Allegations that the United States military used biological weapons in the Korean War (1950–53) were raised by the governments of People's Republic of China, the Soviet Union and North Korea in 1952. The story was covered by the worldwide press and led to a highly publicized international investigation. US Secretary of State Dean Acheson and other US and allied government officials denounced the allegations as a hoax.

Allegations

During 1951 the Communists made vague allegations of biological warfare, but did not pursue them.[1][2] General Matthew Ridgway, United Nations Commander in Korea, denounced the initial charges as early as May 1951. He accused the communists of spreading "deliberate lies." A few days later, Vice Admiral Charles Turner Joy repeated the denials.[2]

On 28 January 1952, the Chinese People's Volunteer Army headquarters received a report of a smallpox outbreak southeast of Incheon. From February to March 1952, more bulletins reported disease outbreaks in the area of Chorwon, Pyongyang, Kimhwa and even Manchuria.[3] The Chinese soon became concerned when 13 Korean and 16 Chinese soldiers contracted cholera and the bubonic plague, while another 44 recently deceased were tested positive for meningitis.[4] Although the Chinese and the North Koreans did not know exactly how the soldiers contracted the diseases, the suspicions soon shifted to the Americans.[4]

On 22 February 1952, the North Korean Foreign Ministry made a formal allegation that American planes had been dropping infected insects onto North Korea. This was immediately denied by the US government. The accusation was supported by the eye-witness accounts of Australian reporter Wilfred Burchett and others.[5]
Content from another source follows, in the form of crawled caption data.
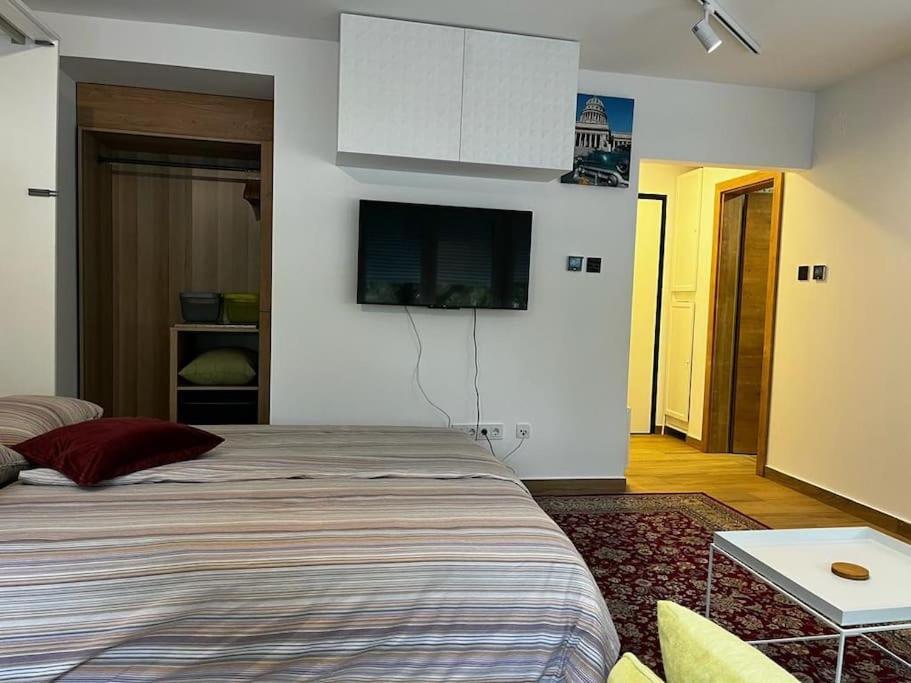 Sten Apartment ザグレブ エクステリア 写真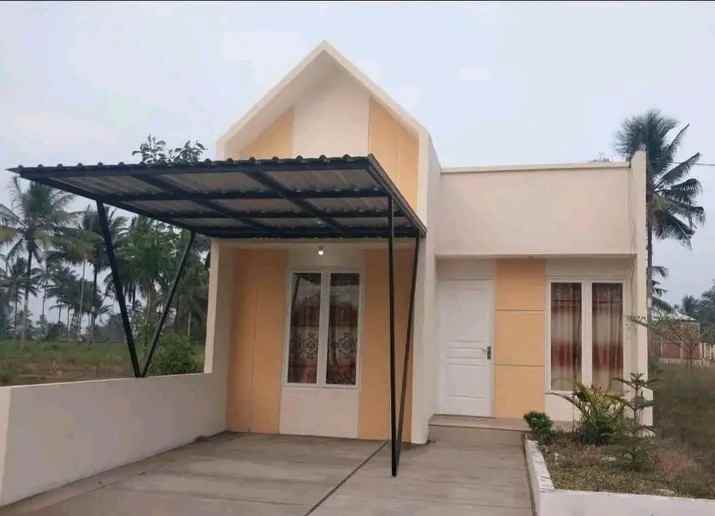 hanya 190 jutaan rumah tanpa bi checking bank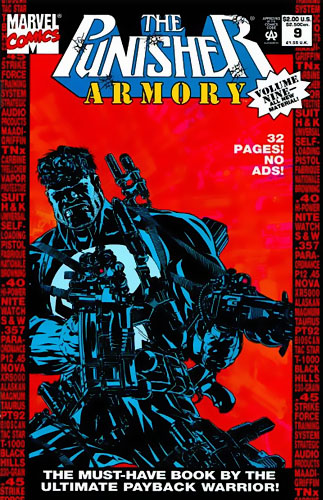 Punisher Armory # 9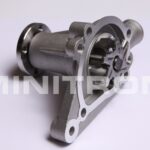 Vesipumppu, matala siipipyörä, A-sarja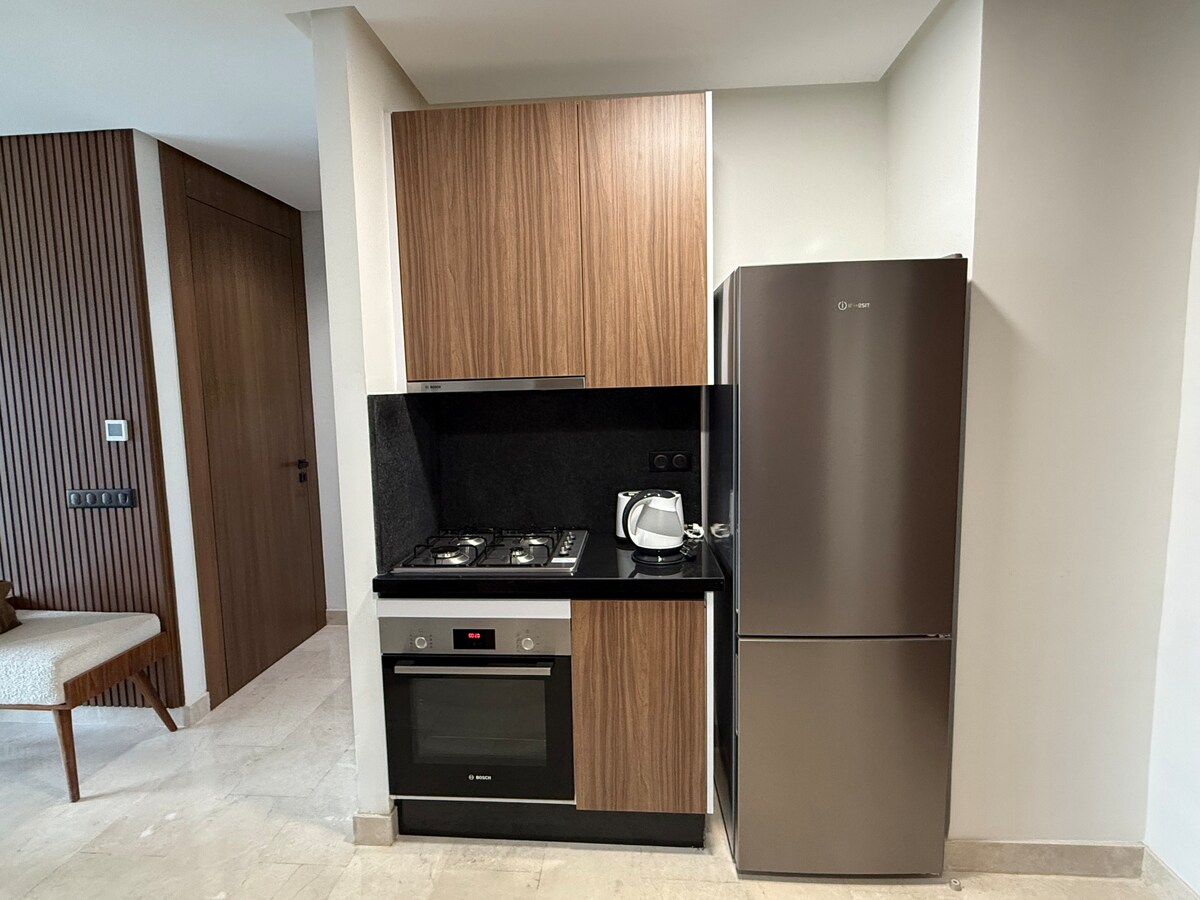 Rental unit in Casablanca  1 bedroom  1 bed  1 bath - image 5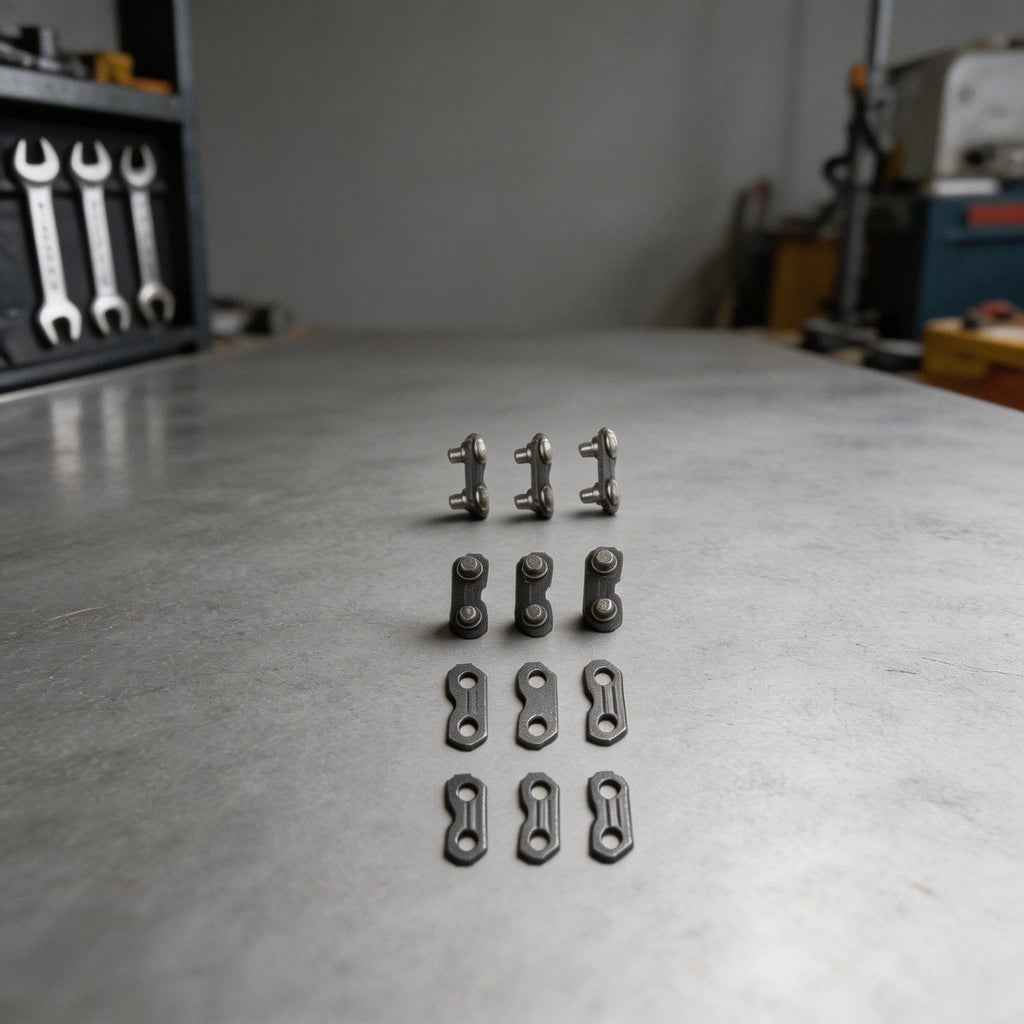 6x Chainsaw Chain Joiner Links for Any Chainsaw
In June 1952 the United States proposed to the United Nations Security Council that the Council request the International Red Cross investigate the allegations. The Soviet Union vetoed the American resolution, and, along with its allies, continued to insist on the veracity of the biological warfare accusations.[2]

In February 1953, China and North Korea produced two captured U.S. Marine Corps pilots to support the allegations. Colonel Frank H Schwable was reported to have stated that "The basic objective was at that time to get under field conditions various elements of bacteriological warfare and possibly expand field tests at a later date into an element of regular combat operations." [2] Schwable disclosed in his press statement that B-29s flew biological warfare missions to Korea from airfields in American-occupied Okinawa starting in November 1951.[6] Other captured Americans made similar statements.[2]

When the International Red Cross and the World Health Organization ruled out biological warfare, the Chinese government denounced "Western" bias and arranged an investigation by the World Peace Council.[7] The World Peace Council set up the International Scientific Commission for the Facts Concerning Bacterial Warfare in China and Korea. This commission included several distinguished scientists, including renowned British biochemist and sinologist Joseph Needham. The commission's findings also included eyewitness accounts and testimony from doctors together with four American Korean War prisoners who confirmed the US use of biological warfare. [7] Its final report, published on 15 September 1952, concluded that the allegation was true and that the US was indeed experimenting with biological weapons.[8] The International Association of Democratic Lawyers (IADL) also publicized these claims in its 1952 "Report on U.S. Crimes in Korea", along with journalist John W Powell.[9][10]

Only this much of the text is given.